───── DATA

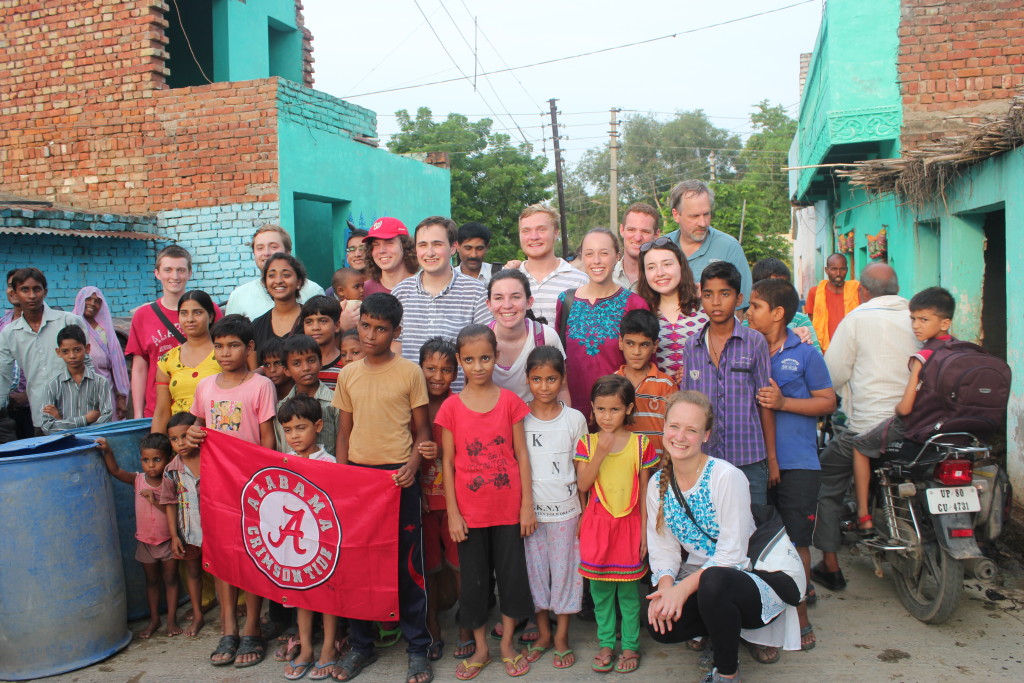 Photo from my study abroad trip in India this past summer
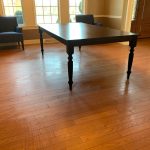 Wood Floor Cleaning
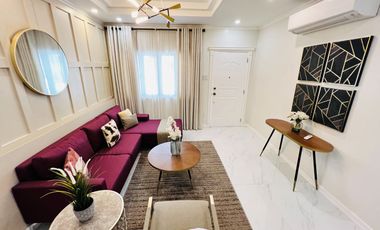 Chateau Mansion Townhouse for sale along Daang Hari Rd. Las Piñas City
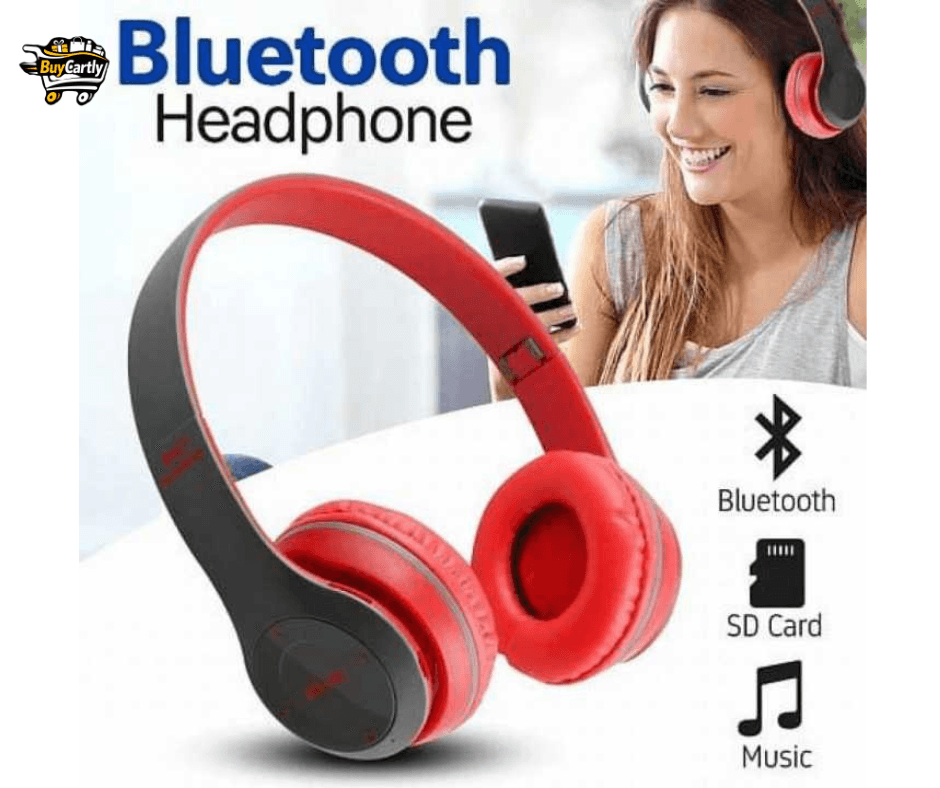 🔴 Beats P47 Bluetooth Wireless Headphone – BuyCartly - Image 1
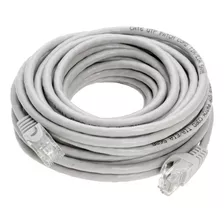 Cables Directos En Línea Gris Cable De Red Ethernet Cat6 De 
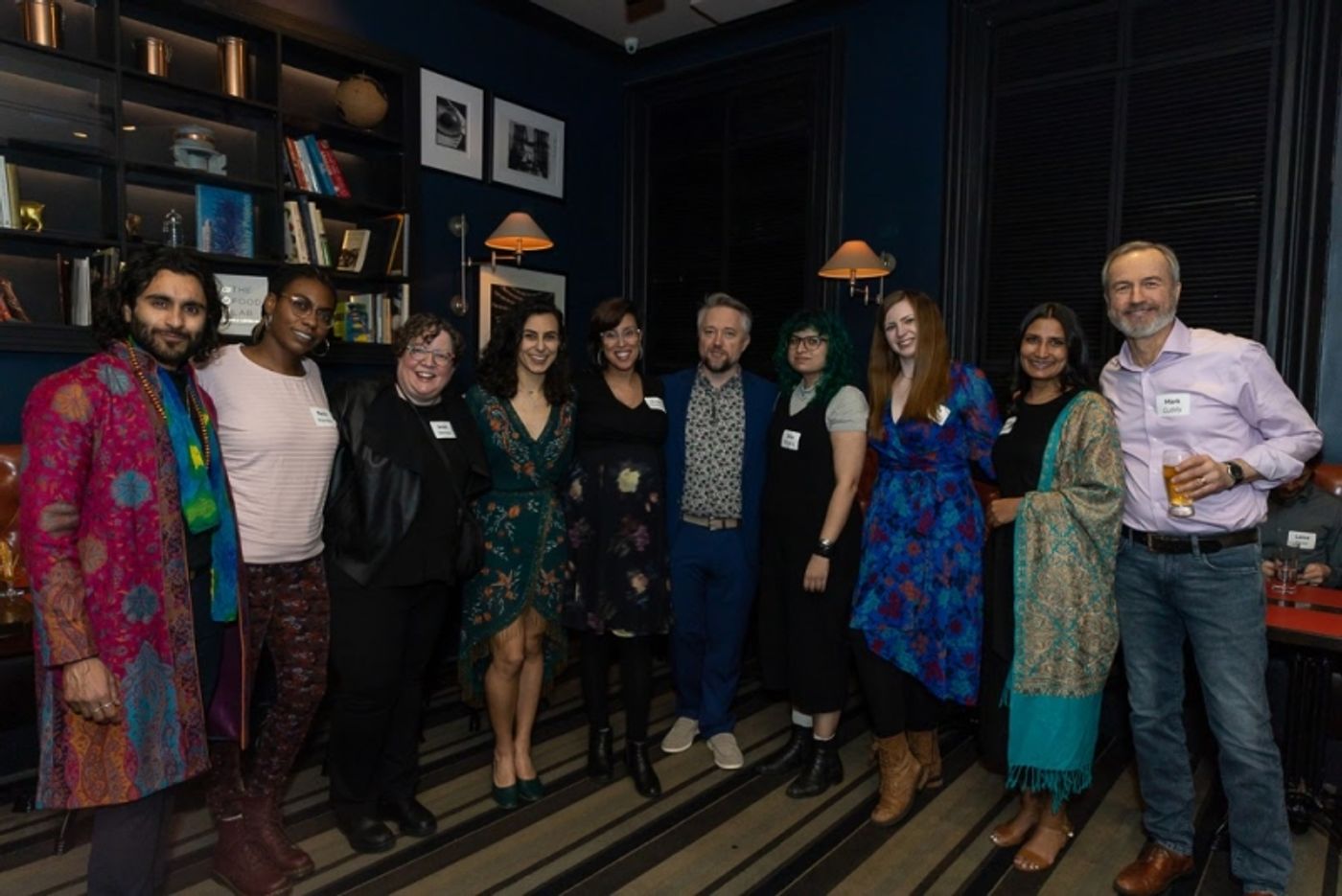 Photos: Go Inside Opening Night of HEARTLAND at Geva Theatre Center  Image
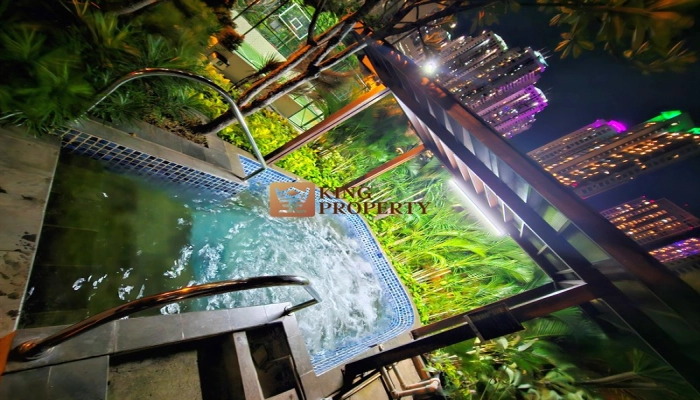 Madison Park Disewakan 1BR Apartemen Madison Park Modern Minimalis — Dekat Central Park & Neo Soho Podomoro City 31 20240319_192743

──────────

PROBLEM DETAILS: Without any pictures, reproduce the lines from the first one in the material through the line that has "Cables Directos En", exactly as they appear.

YOUR RESPONSE:
 Photo from my study abroad trip in India this past summer
 Wood Floor Cleaning
 Chateau Mansion Townhouse for sale along Daang Hari Rd. Las Piñas City
 🔴 Beats P47 Bluetooth Wireless Headphone – BuyCartly - Image 1
 Cables Directos En Línea Gris Cable De Red Ethernet Cat6 De 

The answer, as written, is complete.